Last month’s PJ Library dispatch, though, was something different – a CD called Shabbat Love Music. The album’s 14 tunes are simple and upbeat, but there are enough clever tidbits to keep music snobs like me listening, too. Sam Glaser’s Shabbas mixes in classic doo-wop with the blessing over the Shabbat candles; the twangy guitar backing Ellen Allard’s We Sing Shabbat, We Sing Shalom reminds me that I should plug my Telecaster into that vintage Fender amp every now and again (even if the neighbours complain); Elana Jagoda’s rendition of Zum Gali Gali recalls the opening of The Beatles’ Tomorrow Never Knows; and The Macaroons’ two contributions, Shabbat Lullaby and Shabbos Morning, are both eminently listenable. (And my kids like them, too.)
Shabbat Music Love is now permanently on rotation in our car’s CD player, and on more than a few occasions recently, I’ve found myself listening to it on the way to and from work, humming the tunes to myself in the office, or trying to master the D-major riff that anchors Shabbat Lullaby late at night (hint: it is not dissimilar to Pink Floyd’s Run Like Hell).

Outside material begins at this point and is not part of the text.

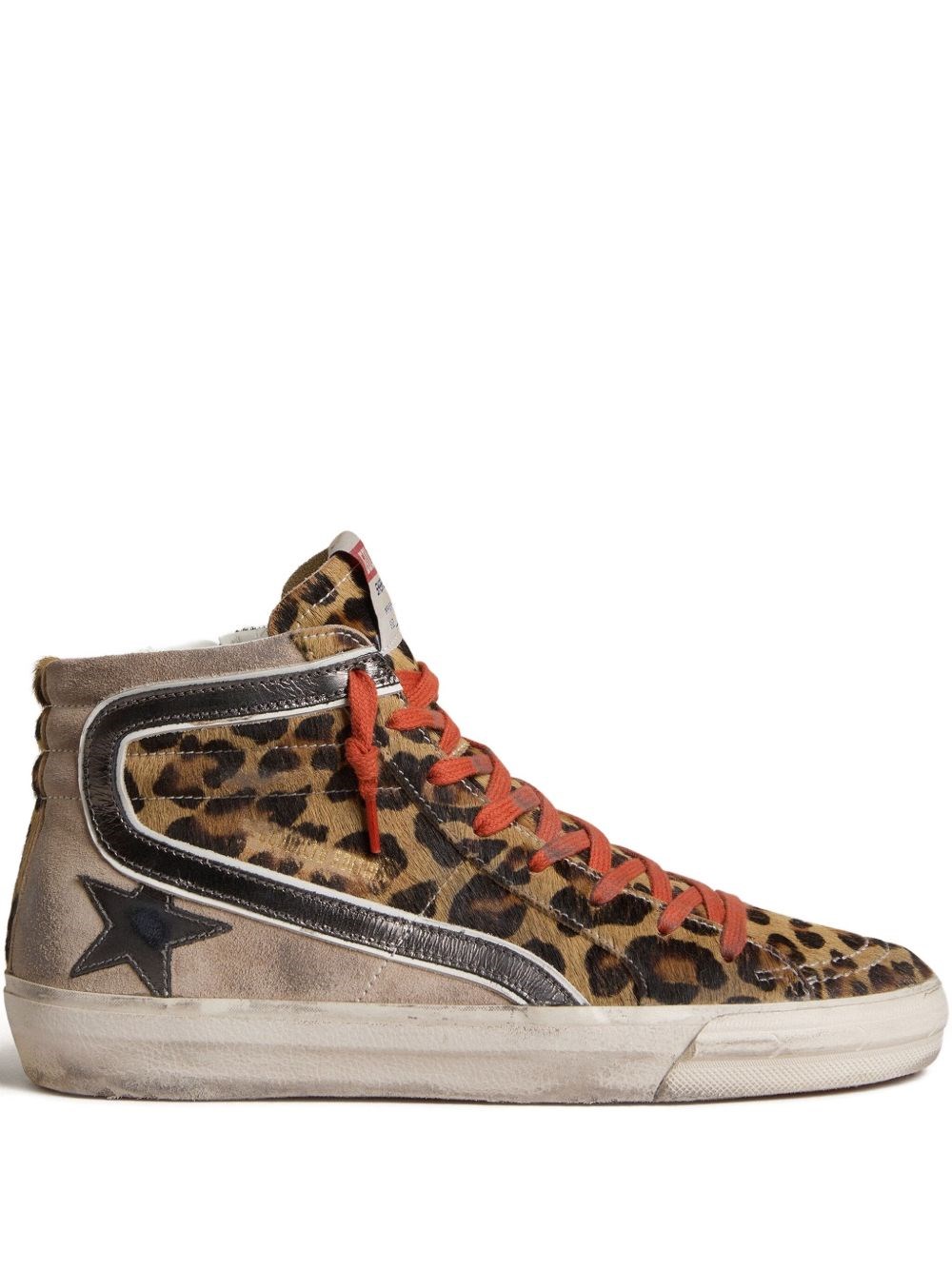 Golden Goose Slide Leather Sneakers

More than anything, though, Shabbat Music Love takes me back to the Jewish music I listened to as a child – the classics of the genre, like Uncle Moishy and the Mitzvah Men and The Marvelous Middos Machine (featuring the interstellar exploits of Shnooki, Dr. Middos, Dizzy and the dastardly Dr. Doomstein). It reminds me of The Miami Boys Choir cassettes that were on heavy rotation in my father’s car (along with Creedence Clearwater Revival), and the time my sister and I attended the local debut of teen sensation Yehuda!, who wowed the crowd with his virtuoso keytar playing.
Later, my Jewish music tastes gravitated toward jam-inclined groups like Reva L’Sheva and The Moshav Band. While studying at seminary in Israel in my late teens, I’d take every opportunity I could to see both bands perform live – whether at a Jewish music festival on Mevo Modi’im, the moshav founded by Shlomo Carlebach himself, or in Jerusalem clubs like The Yellow Submarine (where Reva and Moshav were just as likely to noodle through Grateful Dead deep cuts as they were classic niggunim).
Eventually, inspired by the work of the Diaspora Yeshiva Band, I got into the action myself, as part of the hard-rock outfit Shirayim. Playing Jewish music at ear-splitting levels on the stage of Toronto’s Horseshoe Tavern, as Jewish kids and drunk bikers danced together below, remains one of my proudest life achievements.
You might say my journey through Jewish music has been a long, strange trip. And as I listen to Shabbat Love Music, I wonder where it will lead to next.